Circle Gains Regulatory Clarity on Stablecoin Rewards After CLARITY Act Compromise

CRCL
May 05, 2026

The CLARITY Act compromise lifted the restriction that had barred Circle from offering activity‑based rewards on its USDC stablecoin, while still limiting passive, balance‑based yield to traditional banks. The settlement preserves Circle’s ability to monetize USDC through transaction‑based incentives such as trading, payments, and staking, a core component of its revenue strategy.

Circle’s Q4 2025 results underscored the importance of this regulatory win. Revenue rose 77% year‑over‑year to $770 million, driven largely by reserve income, and net income climbed to $133 million from $4 million a year earlier. Adjusted EBITDA reached $167 million, a 412% increase from Q4 2024, and the revenue‑less‑distribution‑cost margin stood at 40.1%. The full fiscal year 2025 ended with a $70 million net loss, a swing from the $157 million net income reported in 2024, largely attributable to stock‑based compensation related to the IPO.

The compromise is significant because it removes the regulatory barrier that could have forced Circle to abandon its activity‑based reward model, a key driver of user engagement and liquidity. By securing regulatory clarity, Circle can continue to offer incentives tied to USDC usage, maintaining a competitive edge in the institutional stablecoin market where reward flexibility is a decisive factor for treasury and payment‑processing clients.

Circle CEO Jeremy Allaire said, "USDC adoption continued to expand globally as more enterprises, developers, and public institutions integrated digital dollars into real‑world payments, treasury, and on‑chain financial workflows." The statement highlights the broader institutional momentum that the regulatory decision supports.

The announcement was well received by investors, reflected in a positive market reaction. Crypto‑related equities rallied, and Bitcoin briefly surpassed $80,000, underscoring the broader confidence that the compromise brings to the digital‑asset ecosystem.

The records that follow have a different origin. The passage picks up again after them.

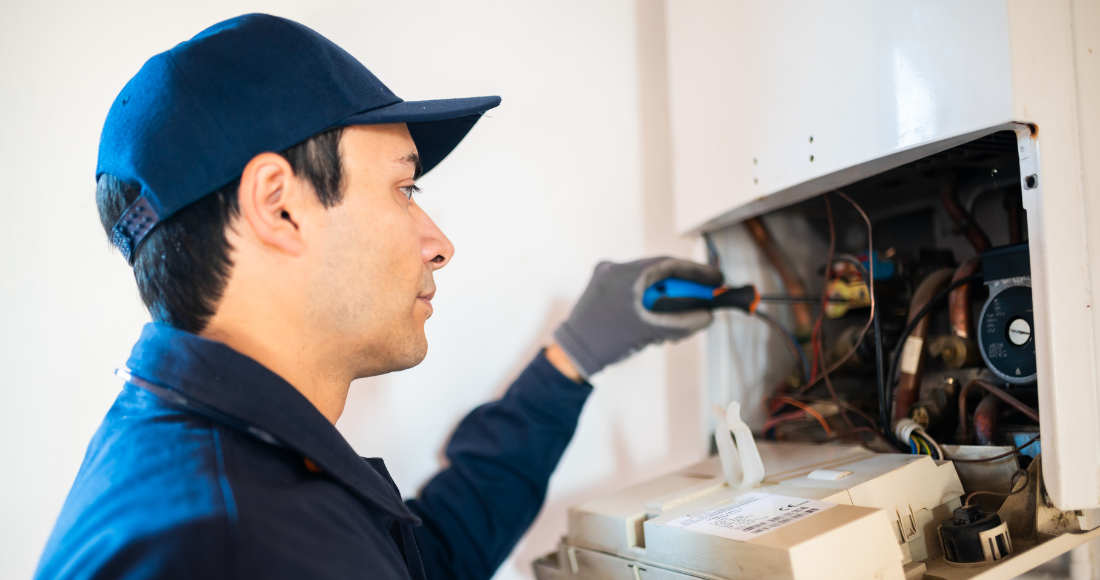 Technicien réparant un chauffe eau.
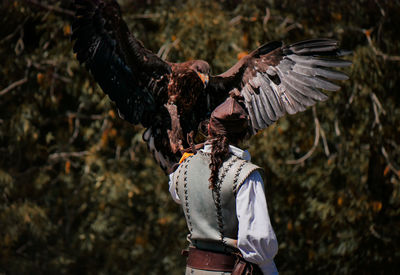 Woman standing by bird flying against blurred background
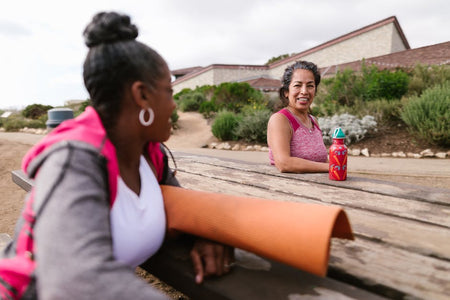 Two women enjoying a relaxing day outdoors after yoga with a mat and water bottle.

The regulatory clarity also aligns with Circle’s broader growth trajectory. USDC circulation grew 72% year‑over‑year to $75.3 billion by the end of 2025, and on‑chain transaction volume for USDC increased substantially. The compromise therefore not only protects Circle’s current revenue streams but also positions the company to capture further institutional adoption as the stablecoin market matures.